#### [EXERCISE MATERIAL]
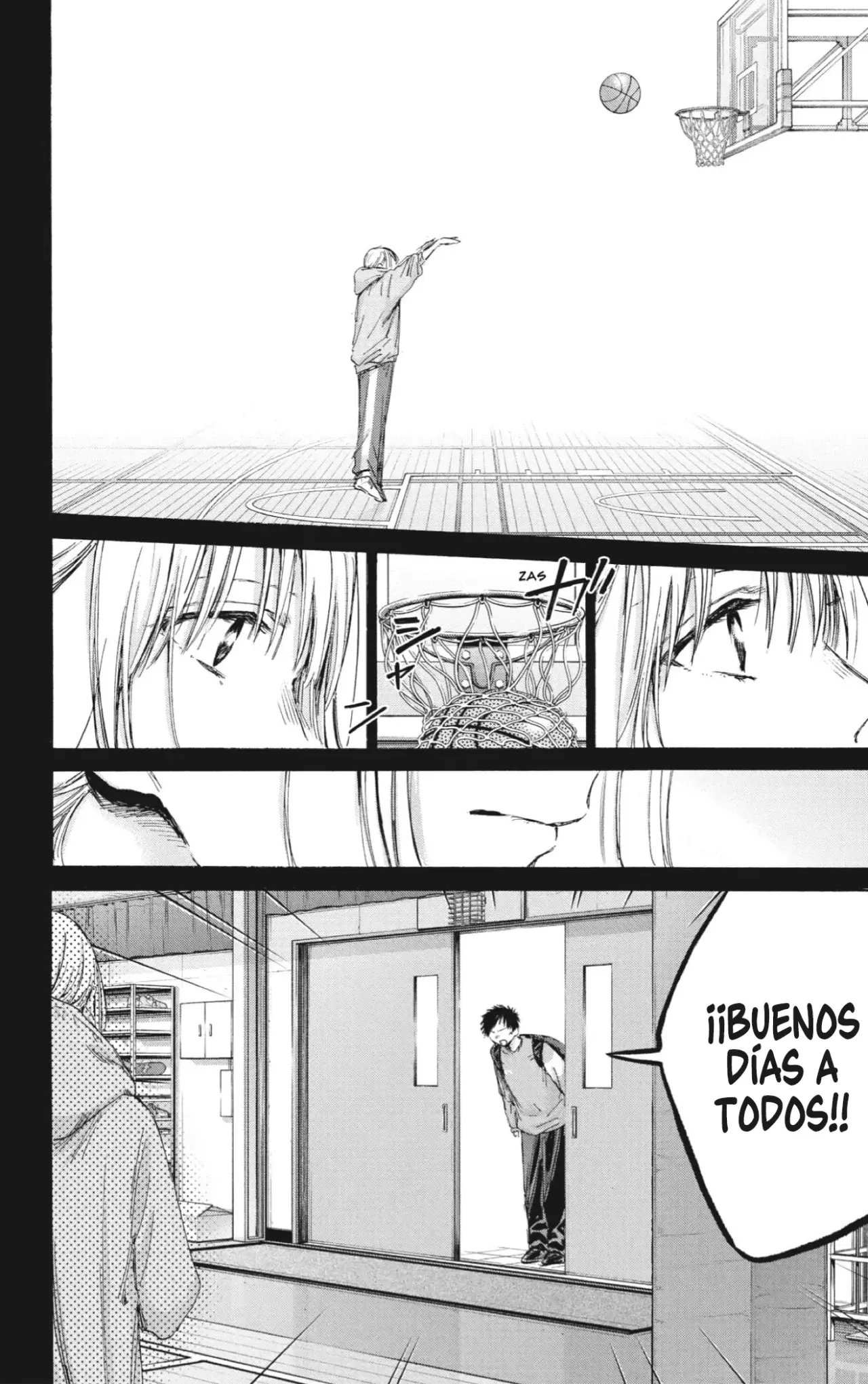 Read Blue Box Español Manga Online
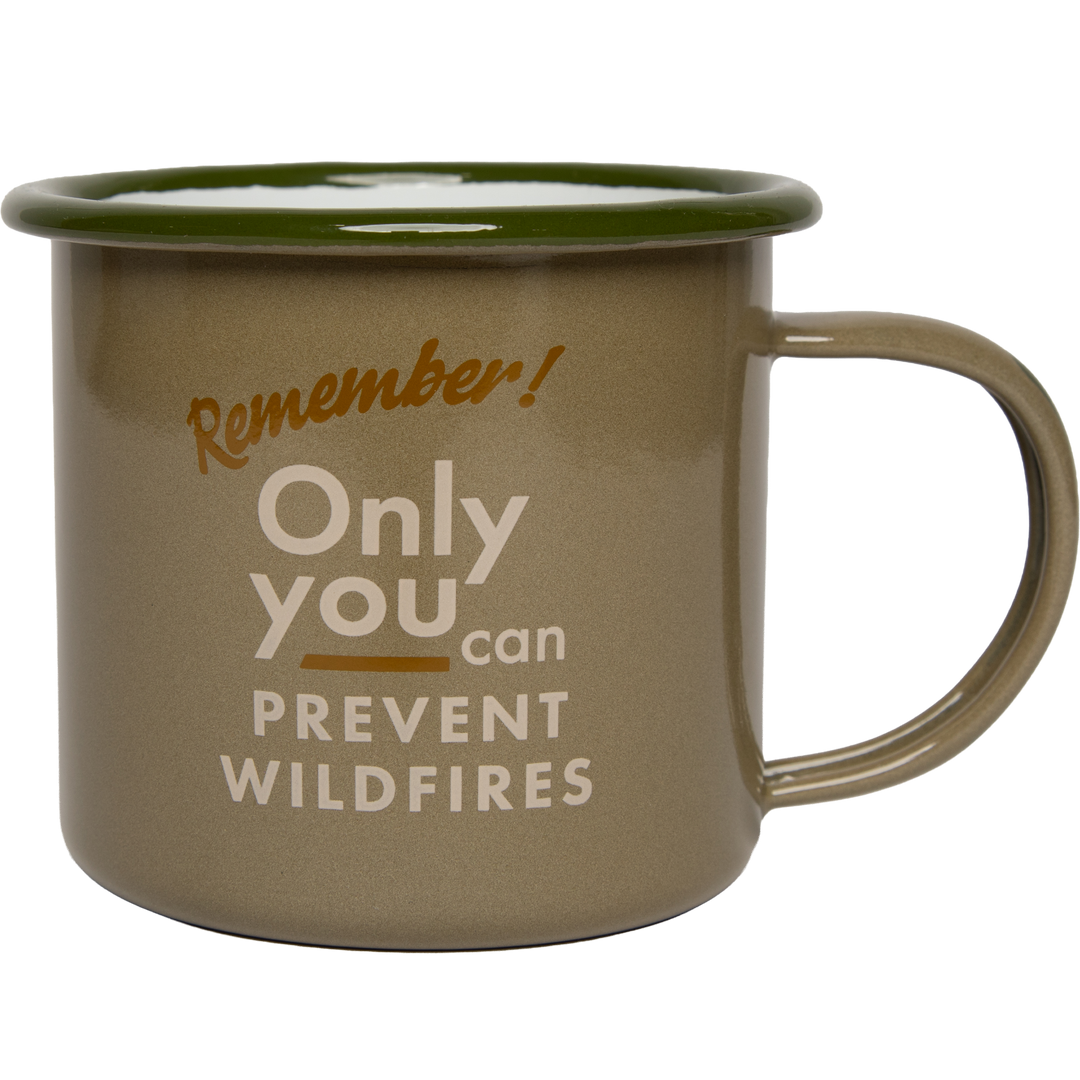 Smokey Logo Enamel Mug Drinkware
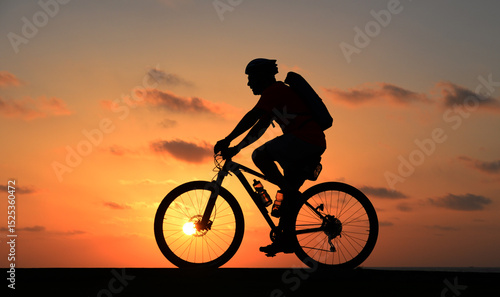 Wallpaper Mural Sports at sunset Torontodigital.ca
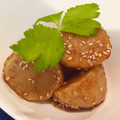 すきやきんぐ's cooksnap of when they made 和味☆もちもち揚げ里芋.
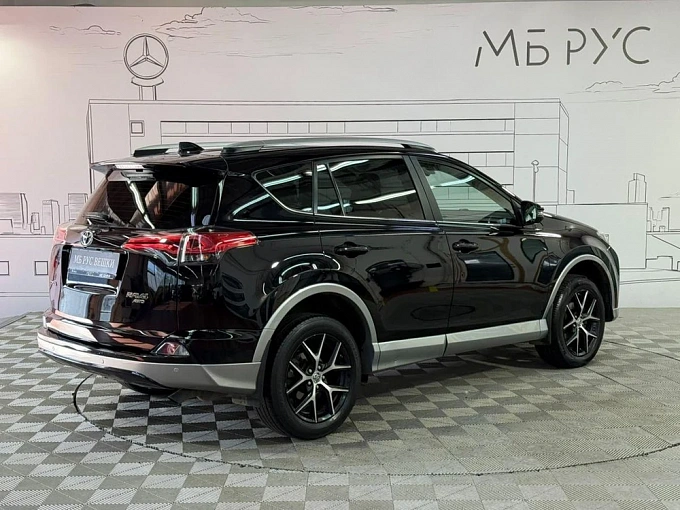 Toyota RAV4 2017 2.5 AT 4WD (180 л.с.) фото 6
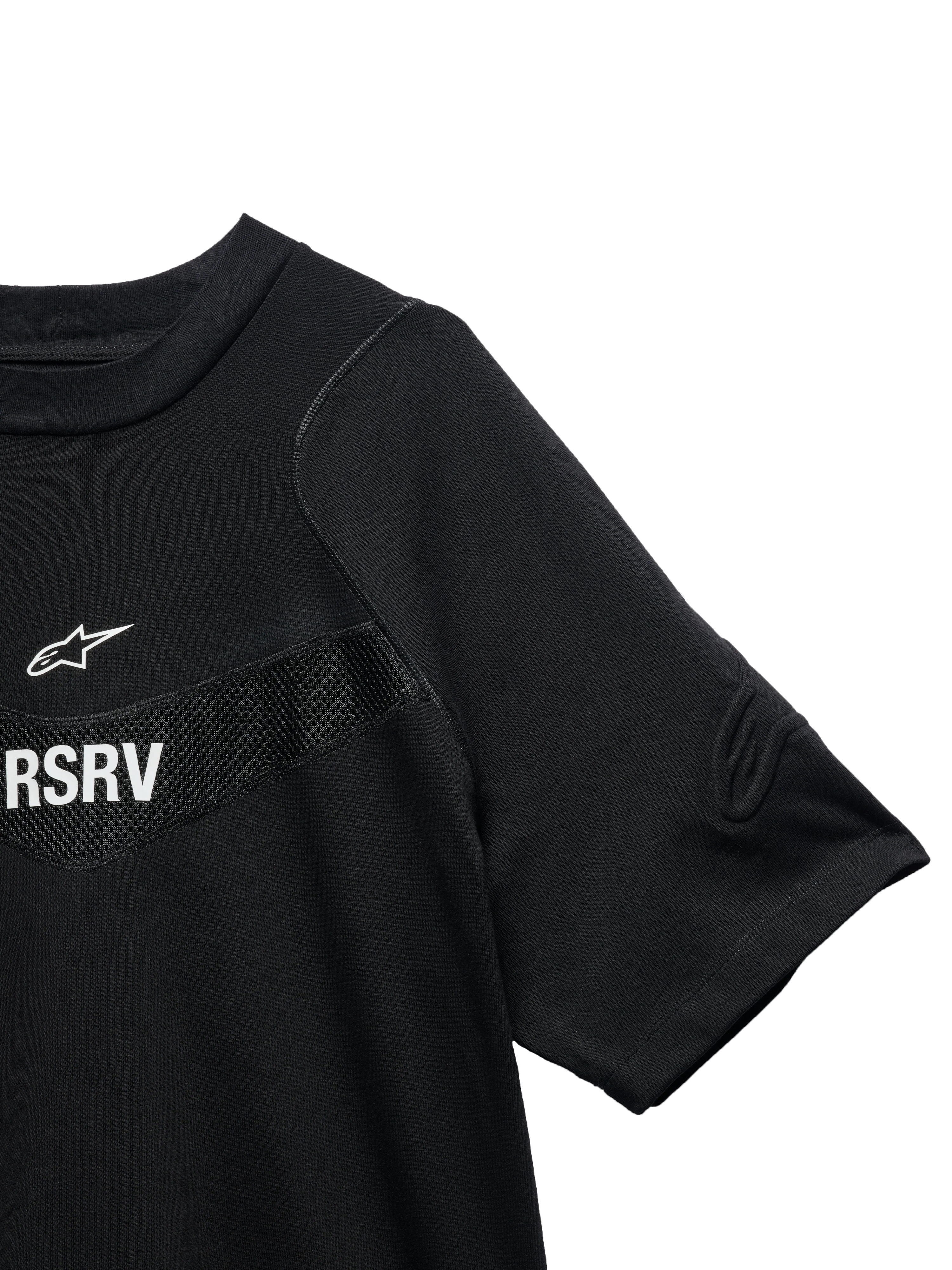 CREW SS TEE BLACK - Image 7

#### [EXERCISE DESCRIPTION]
Drop the pictures and reproduce the rest of the entries above exactly.

#### [ANSWER TO THIS TASK]
 Read Blue Box Español Manga Online
 Smokey Logo Enamel Mug Drinkware
 Wallpaper Mural Sports at sunset Torontodigital.ca
 すきやきんぐ's cooksnap of when they made 和味☆もちもち揚げ里芋.
 Toyota RAV4 2017 2.5 AT 4WD (180 л.с.) фото 6
 CREW SS TEE BLACK - Image 7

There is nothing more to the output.